Have seen someone In a white Mondeo Titanium X, I believe its the 2.2TDCI sport model around Tandragee a few time. Always nice and clean. Saw them washing ti today on the edge of darkness.

Longshot but is it anyone on here? Nice car!


----------



## tomah (Sep 17, 2010)

Tandragee is only 10 mins away from me, but I haven't seen it.

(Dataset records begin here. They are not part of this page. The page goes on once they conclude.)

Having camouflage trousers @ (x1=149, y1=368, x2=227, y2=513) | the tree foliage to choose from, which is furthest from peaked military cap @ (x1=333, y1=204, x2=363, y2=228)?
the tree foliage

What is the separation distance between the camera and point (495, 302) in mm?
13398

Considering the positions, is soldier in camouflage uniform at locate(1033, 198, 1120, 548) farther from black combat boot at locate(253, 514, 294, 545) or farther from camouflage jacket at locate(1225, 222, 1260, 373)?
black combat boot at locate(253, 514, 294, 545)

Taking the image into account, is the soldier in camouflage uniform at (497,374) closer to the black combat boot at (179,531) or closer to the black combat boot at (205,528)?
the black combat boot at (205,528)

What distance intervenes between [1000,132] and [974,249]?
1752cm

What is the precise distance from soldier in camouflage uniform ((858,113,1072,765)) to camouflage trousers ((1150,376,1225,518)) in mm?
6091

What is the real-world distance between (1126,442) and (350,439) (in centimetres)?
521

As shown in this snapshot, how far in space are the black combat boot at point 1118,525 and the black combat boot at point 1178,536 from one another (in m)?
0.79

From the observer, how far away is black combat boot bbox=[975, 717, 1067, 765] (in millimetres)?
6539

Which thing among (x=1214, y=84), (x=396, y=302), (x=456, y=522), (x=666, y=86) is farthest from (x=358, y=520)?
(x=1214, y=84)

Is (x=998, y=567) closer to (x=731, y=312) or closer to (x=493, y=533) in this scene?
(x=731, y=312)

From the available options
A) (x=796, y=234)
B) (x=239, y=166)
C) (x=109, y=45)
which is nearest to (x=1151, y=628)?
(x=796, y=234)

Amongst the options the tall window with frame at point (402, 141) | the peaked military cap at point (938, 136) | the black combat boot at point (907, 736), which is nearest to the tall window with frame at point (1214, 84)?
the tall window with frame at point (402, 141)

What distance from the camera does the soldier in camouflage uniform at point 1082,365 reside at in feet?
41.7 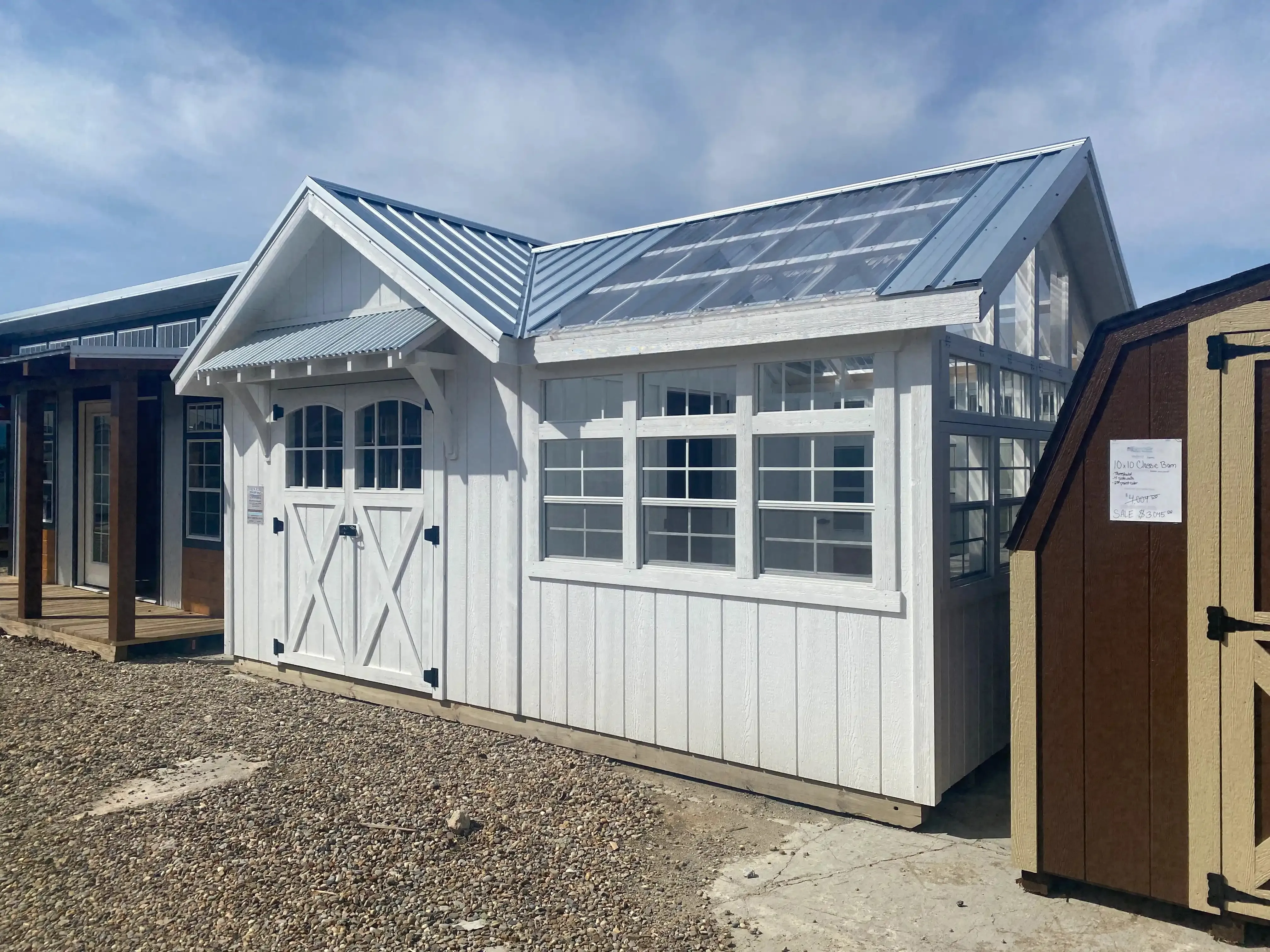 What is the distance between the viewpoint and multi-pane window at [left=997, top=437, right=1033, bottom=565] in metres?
5.45

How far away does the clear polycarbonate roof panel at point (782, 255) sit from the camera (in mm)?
5047

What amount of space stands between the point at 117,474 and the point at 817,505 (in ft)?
21.3

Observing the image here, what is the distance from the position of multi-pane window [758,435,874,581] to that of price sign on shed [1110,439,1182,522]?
128cm

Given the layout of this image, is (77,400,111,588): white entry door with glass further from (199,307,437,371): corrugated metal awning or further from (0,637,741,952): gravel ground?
(0,637,741,952): gravel ground

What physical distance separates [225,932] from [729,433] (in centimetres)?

However, I don't go out much, and rarely that direction.


----------



## Ronnie (Nov 15, 2006)

im from tandragee.. yea its very nice thinking of changing my ST to one of these. see it all the time and unlike mine its always clean lol!!


----------



## trimTim (Jun 3, 2010)

I have spotted one knocking around Lisburn the odd time. Look's really well!!
Wife is driving a Sport S Max now, so you tend to spot cars you never would have before.
That new 2.2 200bhp engine is a gem. It seems to catch a lot of people out, that are trying to mess you around or cut you up etc. 8.6 standard from a 7 seater is not bad, and even better non standard :devil:, so the mondeo must go rather well also.
Crackin lookin motor, whoever owns it.


----------



## Franzpan (Mar 2, 2009)

Yeah it goes well. It caught me out first time I was behind it, there were two slow vans doing about 45ish then him in his Mondeo and me in my C30 D5. We were coming up to a massive straight so I thought, easy, go for all three. Next thing the Mondeo indicates to pull out so I'm thinking 'O well take the two vans then take the mondy in one'. Well that Mondeo pulled out like a beast, took me unaware. Was able to keep up but wouldn't have had the road to overtake him and we were already doing 60. Trying to talk my mum into one now, she loved her mk1 Mondeo.


----------



## Franzpan (Mar 2, 2009)

Ronnie said:


> im from tandragee.. yea its very nice thinking of changing my ST to one of these. see it all the time and unlike mine its always clean lol!!


Was behind you a couple of weeks ago in your Range Rover. "My other childseat is in a Porsche" or something along those lines - awesome.


----------



## Ronnie (Nov 15, 2006)

Small world.. A friend of the wife got me that when I got the Boxster lol!


----------